Opening from Default - All locations
The Company
Serving the People Who Serve the People
Granicus is driven by the excitement of building, implementing, and maintaining technology that is transforming the Govtech industry by bringing governments and their constituents together. We are on a mission to support our customers by meeting the needs of their communities and implementing our technology in ways that are equitable and inclusive. Granicus has consistently appeared on the GovTech 100 list over the past 5 years and has been recognized as the best companies to work on BuiltIn.
Over the last 25 years, we have served 5,500 federal, state, and local government agencies and more than 300 million citizen subscribers powering an unmatched Subscriber Network that uses our digital solutions to make the world a better place. With comprehensive cloud-based solutions for communications, government website design, meeting and agenda management software, records management, and digital services, Granicus empowers stronger relationships between government and residents across the U.S., U.K., Australia, New Zealand, and Canada. By simplifying interactions with residents, while disseminating critical information, Granicus brings governments closer to the people they serve—driving meaningful change for communities around the globe.
Want to know more? See more of what we do here.

Granicus is seeking an experienced and highly skilled Senior Site Reliability Engineer (SRE) to join our SRE team. As a Senior SRE, you will play a pivotal role in ensuring the reliability, scalability, and performance of our services. You will lead efforts in building and maintaining a robust infrastructure, automating processes, and guiding the team to implement best practices in site reliability.
Essential Function
On-call Production Support: Provide production support on a shift according to the team on-call roster.
Work on the customer and internal engineering/implementation team raised tickets while not on-call for production support.

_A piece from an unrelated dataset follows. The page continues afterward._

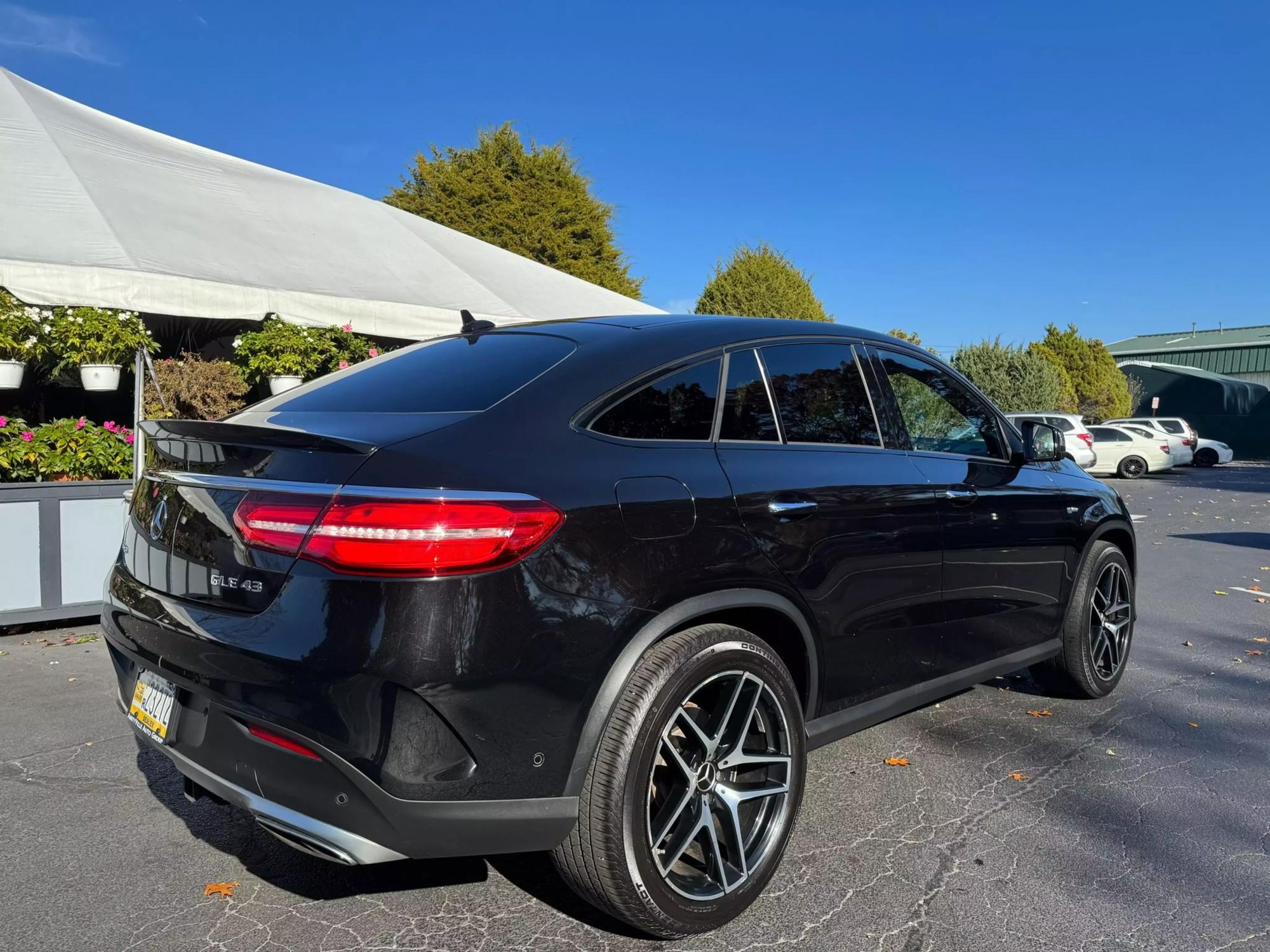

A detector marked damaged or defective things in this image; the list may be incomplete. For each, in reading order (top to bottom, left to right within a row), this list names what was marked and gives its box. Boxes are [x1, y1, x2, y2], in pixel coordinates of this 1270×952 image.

cracked asphalt [2, 465, 1270, 952]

For example, a client may request to correct some data on the database server which cannot be done through the web interface.

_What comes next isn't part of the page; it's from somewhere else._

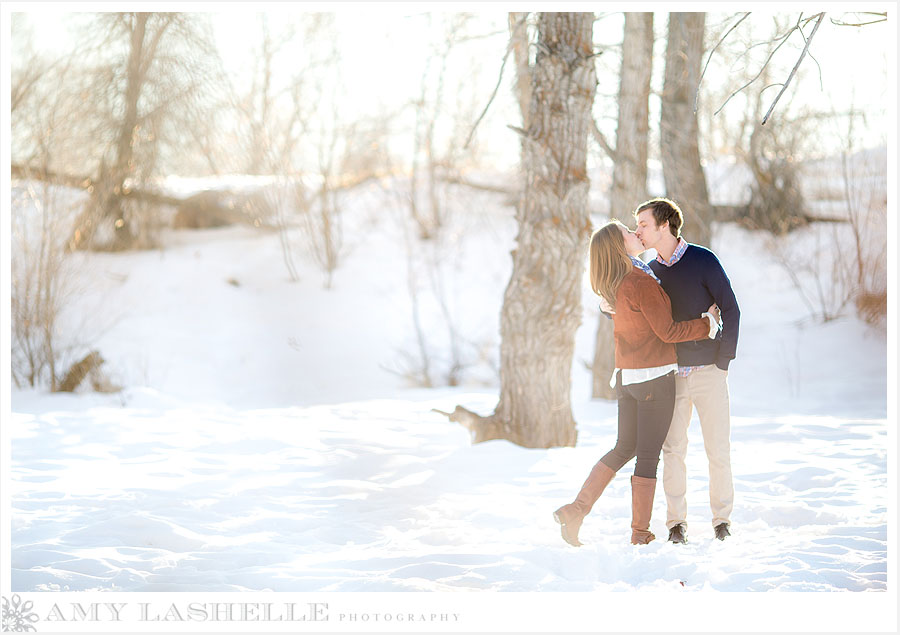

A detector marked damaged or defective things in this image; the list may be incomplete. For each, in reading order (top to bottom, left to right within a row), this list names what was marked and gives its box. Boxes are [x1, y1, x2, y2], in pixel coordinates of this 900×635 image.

rust suede jacket [612, 268, 712, 368]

Work on SREs backlog items.
Monitor and Maintain Systems: Continuously monitor the health and performance of our services, systems, and infrastructure. Respond to alerts and incidents promptly to ensure high availability.
Automate Processes: Develop and maintain automation scripts and tools to streamline operations and reduce manual intervention.
Incident Management: Assist in troubleshooting and resolving incidents, performing root cause analysis, and implementing long-term fixes to prevent recurrence.
System Improvements: Participate in designing and implementing system improvements to enhance reliability, scalability, and performance.
Collaboration: Work closely with software engineers to understand application requirements, provide feedback on design and architecture, and support deployment and release processes.
Documentation: Create and maintain documentation for processes, procedures, and troubleshooting guides to ensure knowledge sharing within the team.
Capacity Planning: Assist in capacity planning activities to anticipate future needs and ensure that our infrastructure can handle growth.
Security: Implement and adhere to security best practices to protect our systems and data.

Technical Skills: Good understanding of Linux/Unix systems, networking, and cloud services (AWS, Azure, or Google Cloud). Experience with scripting languages such as Python, Bash, or Ruby.
Education: Bachelor’s or Master’s degree in Computer Science, Information Technology, or a related field, or equivalent practical experience.
Experience: 5+ years of experience in site reliability engineering, system administration, or a similar role, with a proven track record of managing large-scale, high-availability systems
Technical Skills: Expertise in Linux/Unix systems, networking, and cloud services (AWS, Azure, or Google Cloud). Proficiency in scripting languages (Python, Bash, Ruby) and programming languages (Go, Java, C++).
Tools and Technologies: Advanced knowledge of monitoring and logging tools (Prometheus, Grafana, Splunk), configuration management (Ansible, Chef, Puppet), and CI/CD pipelines.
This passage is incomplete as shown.